How Start-up Businesses Can Lease As They Grow

Paying upfront for equipment or an asset can be a significant drain on the working capital for most businesses. In 2014, raising finance for business equipment and assets continues to be a challenging issue for companies, particularly new businesses just starting out.

With highly competitive interest rates and agreements, there is no doubt that leasing can offer an advantageous alternative to buying for start-ups. But how easy is it for a new business to get a lease agreement?

Well, obtaining a lease agreement can be more challenging for new businesses than established companies, but it is by no means impossible. In fact, arranging a lease agreement can be less complicated than applying for a loan. Some leasing companies like WestWon are increasingly working with new start-up companies and can provide specialist advice and guidance.

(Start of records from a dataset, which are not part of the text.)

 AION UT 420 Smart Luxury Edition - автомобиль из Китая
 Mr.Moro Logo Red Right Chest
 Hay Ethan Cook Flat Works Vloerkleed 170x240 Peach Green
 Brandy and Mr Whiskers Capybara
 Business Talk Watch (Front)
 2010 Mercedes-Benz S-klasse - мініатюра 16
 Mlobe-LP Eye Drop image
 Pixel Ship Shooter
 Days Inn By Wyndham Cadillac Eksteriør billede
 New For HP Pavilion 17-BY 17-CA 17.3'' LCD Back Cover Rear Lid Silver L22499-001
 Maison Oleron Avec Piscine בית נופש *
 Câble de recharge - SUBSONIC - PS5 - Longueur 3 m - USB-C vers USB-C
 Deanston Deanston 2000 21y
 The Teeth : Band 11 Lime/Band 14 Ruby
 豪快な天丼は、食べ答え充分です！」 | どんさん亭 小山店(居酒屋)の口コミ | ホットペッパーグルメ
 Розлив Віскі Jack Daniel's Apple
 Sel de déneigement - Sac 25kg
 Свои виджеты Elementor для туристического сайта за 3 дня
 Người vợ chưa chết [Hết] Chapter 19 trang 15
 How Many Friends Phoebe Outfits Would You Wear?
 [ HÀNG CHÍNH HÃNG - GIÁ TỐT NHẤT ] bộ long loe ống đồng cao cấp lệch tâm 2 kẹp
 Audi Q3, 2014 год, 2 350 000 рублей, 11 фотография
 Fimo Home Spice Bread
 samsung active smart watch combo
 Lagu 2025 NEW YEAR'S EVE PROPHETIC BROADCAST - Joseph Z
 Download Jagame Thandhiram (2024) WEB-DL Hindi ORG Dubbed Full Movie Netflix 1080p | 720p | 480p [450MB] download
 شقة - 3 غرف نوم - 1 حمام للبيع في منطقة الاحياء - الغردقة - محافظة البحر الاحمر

Generally, a new start-up will be required to submit their personal financial statements, personal tax returns, a business plan and details of equipment they wish to lease. Once submitted, the information is reviewed and a business should be able to obtain a quote and a decision in principle soon after.

There are several types of lease agreement, which allow a new company to acquire the assets they need to run their business without upfront capital outlay. What leasing does is enable the equipment to be paid for over a fixed period of time – typically two to five years through a series of contractual, tax deductible payments.

Leasing is great for new start-ups as it can help improve cash flow by preserving their working capital. This leaves funds available to reinvest elsewhere in the business or to cover unexpected costs that may arise. Many businesses also find leasing advantageous from a budgeting standpoint as switching from outright purchase to a lease agreement changes how the equipment is accounted for.

Leasing offers considerable tax benefits for new businesses too. Lease ‘rental’ payments are an allowable business expense that can be set against profit – thereby potentially reducing your tax bill. Other methods of equipment acquisition, such as outright purchase, do not have the same level of tax benefit.